5. December 2008 by thebeebs 0 Comments

One thing that amazes me about the human brain is it’s ability to recognise objects and how computers are pretty rubbish at it. I’ve been pondering this for the past hour or two ever since one of the guys at work showed me an application on his phone that photographed a barcode which then used a shopping web service to return you a list of prices for that object in your local area.

Without a doubt that's a very cool and clever piece of code it’s just a shame that the computer needs the barcode, wouldn’t it just be incredible if you could photograph any item and the computer could tell you what it was. It got me thinking of applications that would be possible with this technology.

One application that sprung to mind was one that could take a photograph of your lunch and tell you how many calories it contained. The idea was inspired in part by Dr Yoshiro Nakamats a man who was awarded the 2005 Ig Nobel prize for Nutrition, for photographing and then analyzing every meal he has consumed during a period of 34 years. Just imagine if you could actually get this to work, a user could photograph everything they ate in a day and a computer could calculate exactly how much exercise is required to ensure that the user stayed trim.

The application I’m proposing is far more complicated than the barcode application, with the barcode application the computer needs to:

Recognise a white box
Count the pixel distance between the black lines contained in the white box
Run it through a fuzzy algorithm that could determine the barcode number
Send the number to a web-service
Return the results from the web service to screen

My application Would need to:

Identify an object with no idea about current composition, context, white balance or lighting
Identify which items were food and which were not
Look around the picture for an object that is always a constant size and then use this to calculate the size of object (or objects) of food.
Call a web-service to look up calorie details based upon size and type of the food item
Return the results from the web service to screen

The first 3 items in this list sound impossible… but I like to think nothing is impossible it’s all just a matter of time and money.

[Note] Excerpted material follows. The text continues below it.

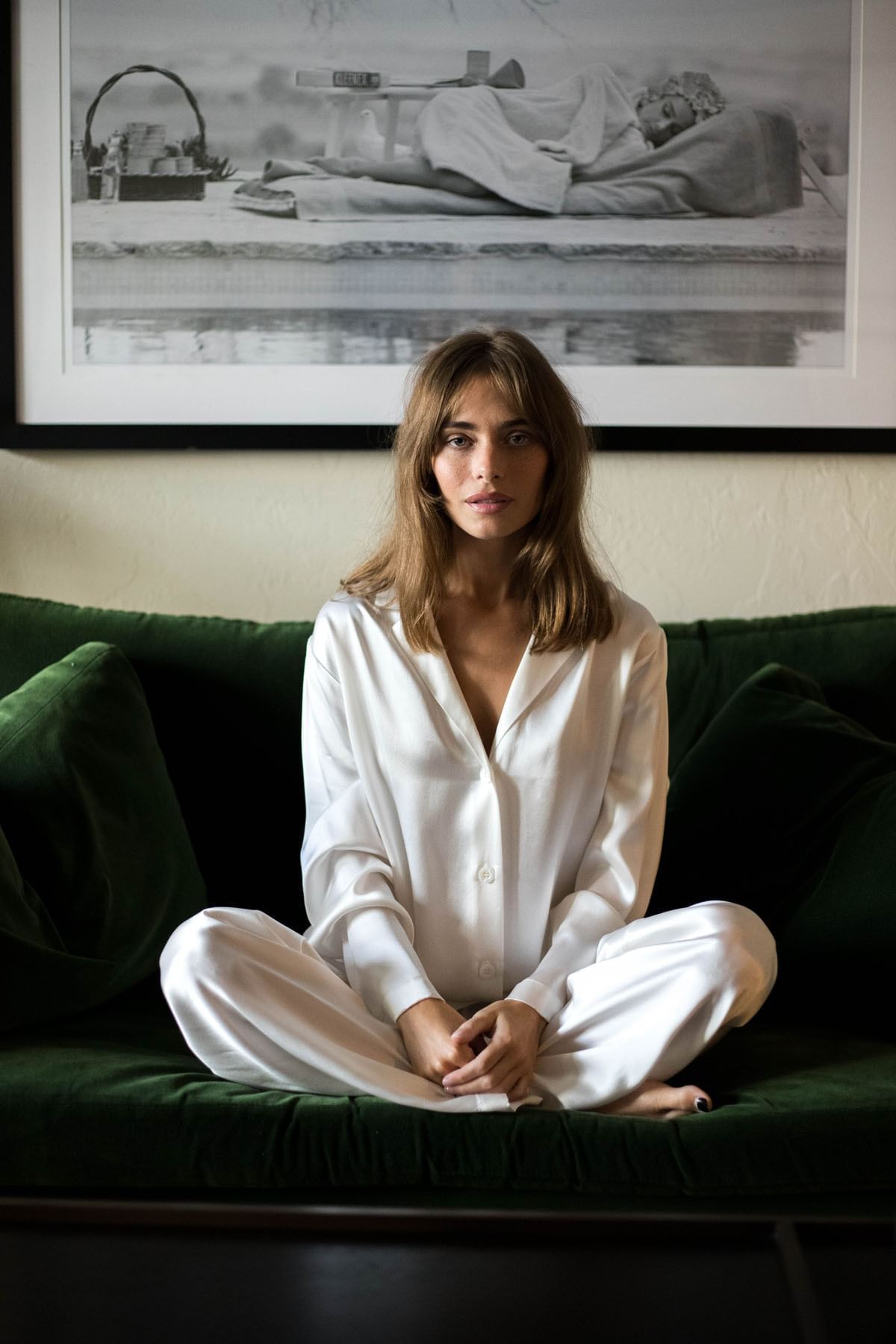 A woman sitting on a chair at Brazilian Court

If you need proof that anything is possible just take a look at this: http://uk.youtube.com/watch?v=5fAn5A0HbhU

Anyway back to the problem… Consider you had 1 million photographs of a hamburger. Would that provide enough information for you to determine if a new photograph contained a hamburger?. Scale that up and collect millions and millions of pictures of food, all of which were linked to food descriptions, would it be possible to determine if a new photograph was close to any of the existing images? I think it would… the problem could be solved not by trying to perform very complex image identification and classification but actually by collecting enough pictures and writing a way of encoding them so that it was possible to compare the millions, perhaps billions of items.

This approach is very similar to the way that Google approached the translation of German. They didn’t attempt to work out all the rules of the language, they just analyzed millions and million of pages in English and German translation then asked people using the translation to adjust the translations that were generated. It led to a German translation system that was more accurate than traditional systems that focused solely on the rules and intricacies of the language and word for word translations.

If anyone has a spare 5 million for research into this I’d be more than willing to start work next week.